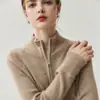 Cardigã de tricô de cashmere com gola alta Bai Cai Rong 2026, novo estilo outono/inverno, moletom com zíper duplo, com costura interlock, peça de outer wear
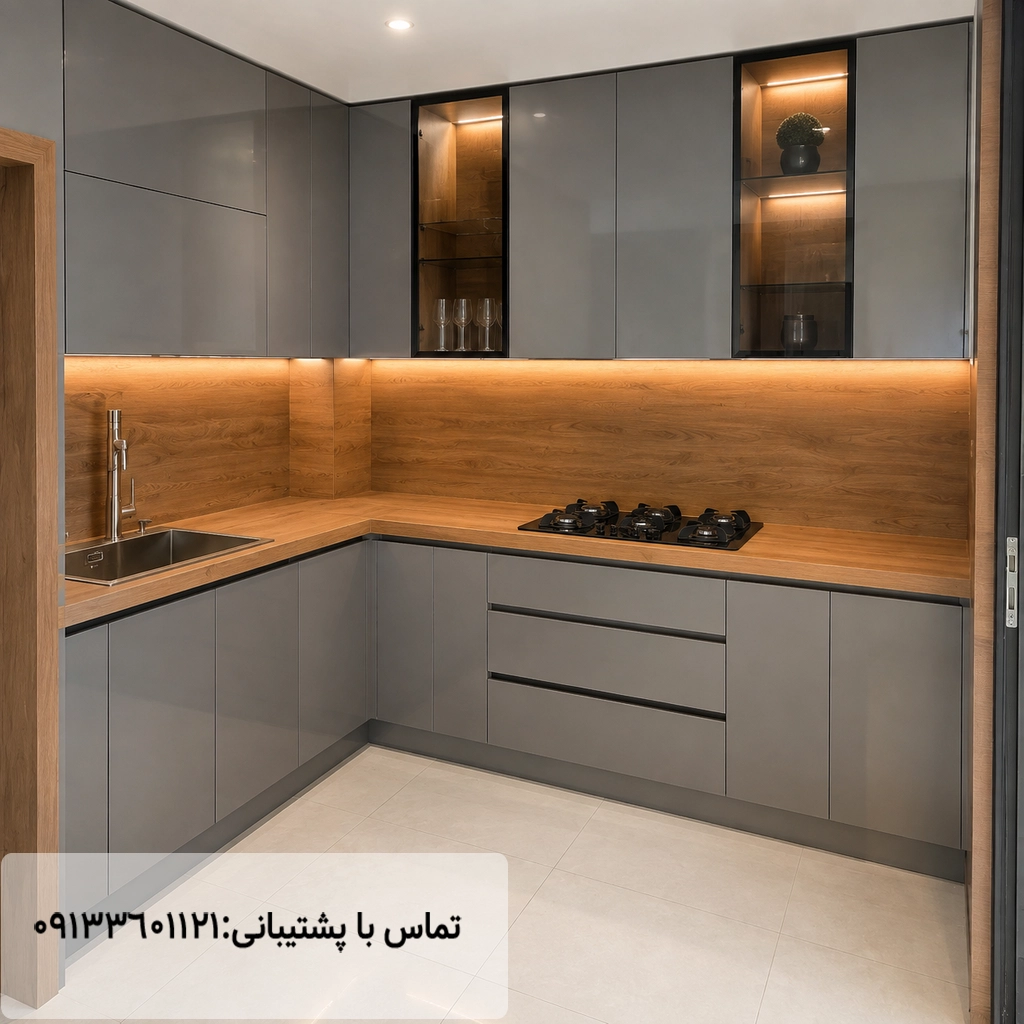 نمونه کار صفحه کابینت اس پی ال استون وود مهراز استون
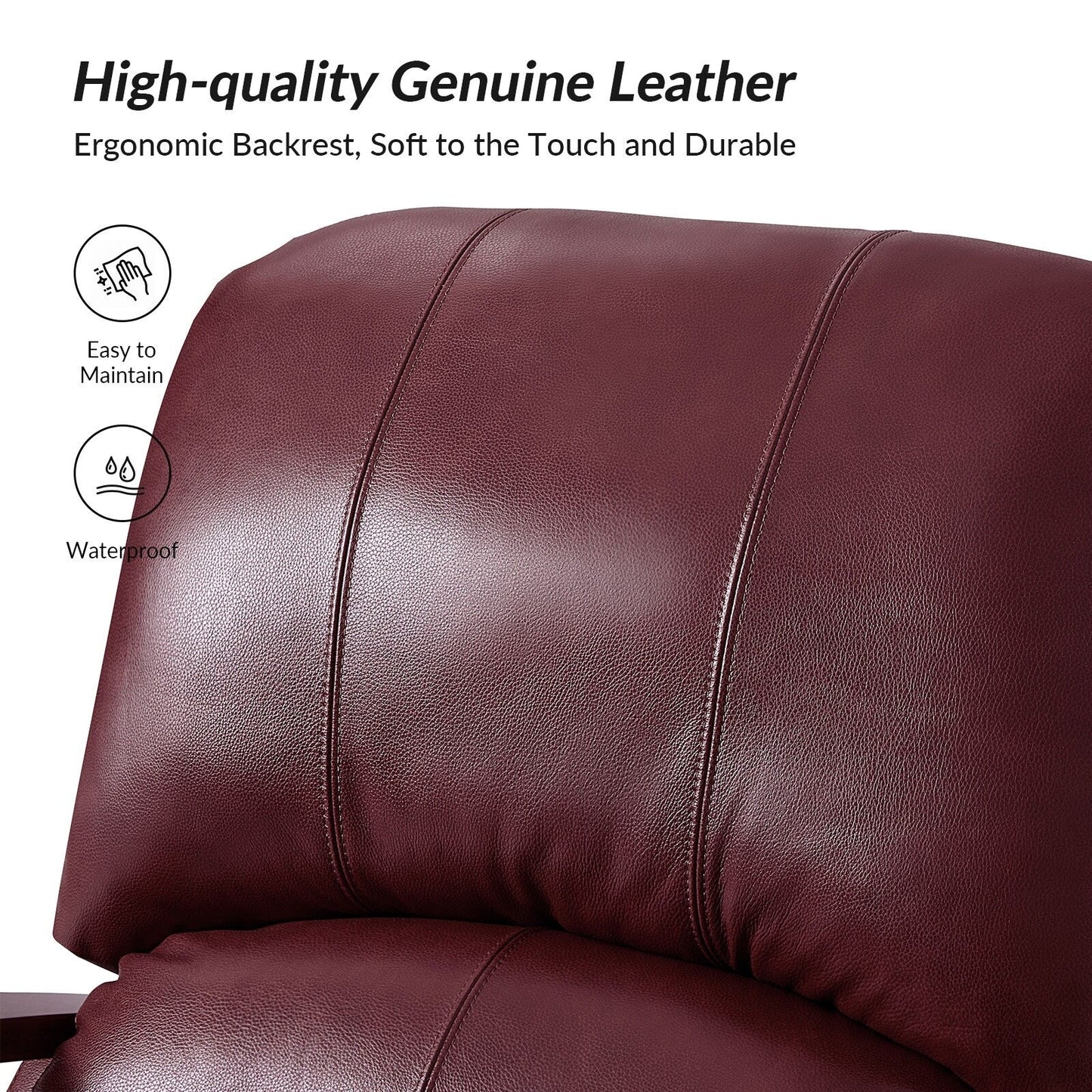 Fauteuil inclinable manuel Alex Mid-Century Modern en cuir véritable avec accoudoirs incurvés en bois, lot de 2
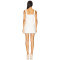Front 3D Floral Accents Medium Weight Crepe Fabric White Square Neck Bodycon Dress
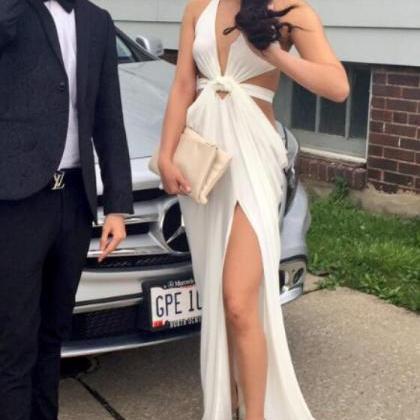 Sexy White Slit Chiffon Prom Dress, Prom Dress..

────────

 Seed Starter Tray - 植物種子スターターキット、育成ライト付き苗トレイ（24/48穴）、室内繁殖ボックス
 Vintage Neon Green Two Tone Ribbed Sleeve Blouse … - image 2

────────

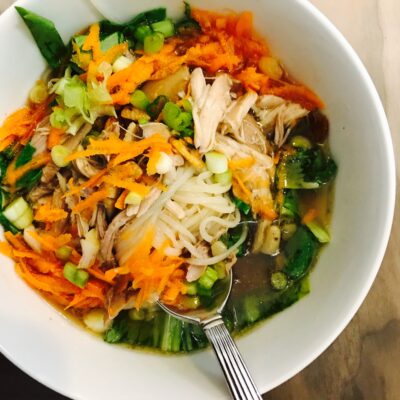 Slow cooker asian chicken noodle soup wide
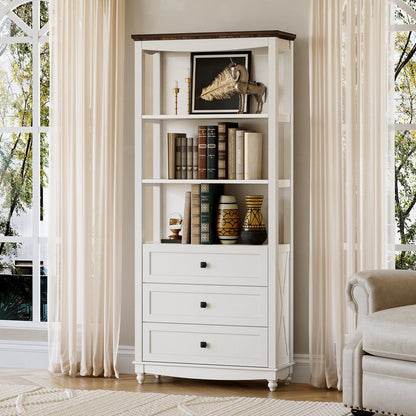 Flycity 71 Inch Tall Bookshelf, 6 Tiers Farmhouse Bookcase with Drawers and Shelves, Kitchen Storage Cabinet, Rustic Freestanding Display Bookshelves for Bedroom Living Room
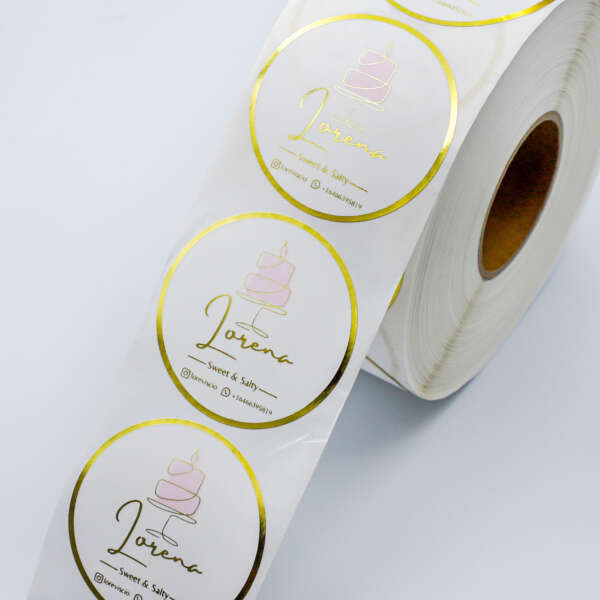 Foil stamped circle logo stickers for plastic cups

────────

Using the data above, output the line that has "Slow cooker asian chicken noodle soup wide", the line that has "Foil stamped circle", and whatever lines fall between, each exactly as it stands and without pictures.

Answer area:
 Slow cooker asian chicken noodle soup wide
 Flycity 71 Inch Tall Bookshelf, 6 Tiers Farmhouse Bookcase with Drawers and Shelves, Kitchen Storage Cabinet, Rustic Freestanding Display Bookshelves for Bedroom Living Room
 Foil stamped circle logo stickers for plastic cups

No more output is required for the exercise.